=== Aim of the exercise ===
The expected output is every entry, repeated exactly.

=== Data section ===
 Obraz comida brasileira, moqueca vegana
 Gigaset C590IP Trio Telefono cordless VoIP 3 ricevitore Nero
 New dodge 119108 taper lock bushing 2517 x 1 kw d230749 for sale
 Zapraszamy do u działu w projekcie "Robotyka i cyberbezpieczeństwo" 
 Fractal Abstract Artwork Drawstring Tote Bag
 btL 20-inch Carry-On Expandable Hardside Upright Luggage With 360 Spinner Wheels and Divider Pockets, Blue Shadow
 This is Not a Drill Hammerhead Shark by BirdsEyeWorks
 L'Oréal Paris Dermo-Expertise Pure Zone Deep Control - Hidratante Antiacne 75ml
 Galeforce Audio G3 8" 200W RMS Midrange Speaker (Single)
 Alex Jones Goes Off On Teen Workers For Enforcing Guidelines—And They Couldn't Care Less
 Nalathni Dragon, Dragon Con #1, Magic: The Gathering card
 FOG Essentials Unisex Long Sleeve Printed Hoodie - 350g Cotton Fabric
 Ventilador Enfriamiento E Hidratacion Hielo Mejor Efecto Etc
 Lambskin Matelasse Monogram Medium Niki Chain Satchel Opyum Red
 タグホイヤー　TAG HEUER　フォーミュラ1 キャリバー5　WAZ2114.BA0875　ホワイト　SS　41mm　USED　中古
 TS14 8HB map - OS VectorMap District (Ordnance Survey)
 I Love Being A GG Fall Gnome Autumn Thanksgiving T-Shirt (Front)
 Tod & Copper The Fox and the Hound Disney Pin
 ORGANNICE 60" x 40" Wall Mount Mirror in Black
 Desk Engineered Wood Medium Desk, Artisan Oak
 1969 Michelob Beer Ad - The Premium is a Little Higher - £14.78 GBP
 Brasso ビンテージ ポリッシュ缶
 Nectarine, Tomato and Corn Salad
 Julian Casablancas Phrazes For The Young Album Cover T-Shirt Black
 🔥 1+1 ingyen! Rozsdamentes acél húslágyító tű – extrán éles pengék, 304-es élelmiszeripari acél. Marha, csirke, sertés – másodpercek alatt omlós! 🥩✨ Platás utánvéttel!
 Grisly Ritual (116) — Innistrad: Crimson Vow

=== Your response ===
 Obraz comida brasileira, moqueca vegana
 Gigaset C590IP Trio Telefono cordless VoIP 3 ricevitore Nero
 New dodge 119108 taper lock bushing 2517 x 1 kw d230749 for sale
 Zapraszamy do u działu w projekcie "Robotyka i cyberbezpieczeństwo" 
 Fractal Abstract Artwork Drawstring Tote Bag
 btL 20-inch Carry-On Expandable Hardside Upright Luggage With 360 Spinner Wheels and Divider Pockets, Blue Shadow
 This is Not a Drill Hammerhead Shark by BirdsEyeWorks
 L'Oréal Paris Dermo-Expertise Pure Zone Deep Control - Hidratante Antiacne 75ml
 Galeforce Audio G3 8" 200W RMS Midrange Speaker (Single)
 Alex Jones Goes Off On Teen Workers For Enforcing Guidelines—And They Couldn't Care Less
 Nalathni Dragon, Dragon Con #1, Magic: The Gathering card
 FOG Essentials Unisex Long Sleeve Printed Hoodie - 350g Cotton Fabric
 Ventilador Enfriamiento E Hidratacion Hielo Mejor Efecto Etc
 Lambskin Matelasse Monogram Medium Niki Chain Satchel Opyum Red
 タグホイヤー　TAG HEUER　フォーミュラ1 キャリバー5　WAZ2114.BA0875　ホワイト　SS　41mm　USED　中古
 TS14 8HB map - OS VectorMap District (Ordnance Survey)
 I Love Being A GG Fall Gnome Autumn Thanksgiving T-Shirt (Front)
 Tod & Copper The Fox and the Hound Disney Pin
 ORGANNICE 60" x 40" Wall Mount Mirror in Black
 Desk Engineered Wood Medium Desk, Artisan Oak
 1969 Michelob Beer Ad - The Premium is a Little Higher - £14.78 GBP
 Brasso ビンテージ ポリッシュ缶
 Nectarine, Tomato and Corn Salad
 Julian Casablancas Phrazes For The Young Album Cover T-Shirt Black
 🔥 1+1 ingyen! Rozsdamentes acél húslágyító tű – extrán éles pengék, 304-es élelmiszeripari acél. Marha, csirke, sertés – másodpercek alatt omlós! 🥩✨ Platás utánvéttel!
 Grisly Ritual (116) — Innistrad: Crimson Vow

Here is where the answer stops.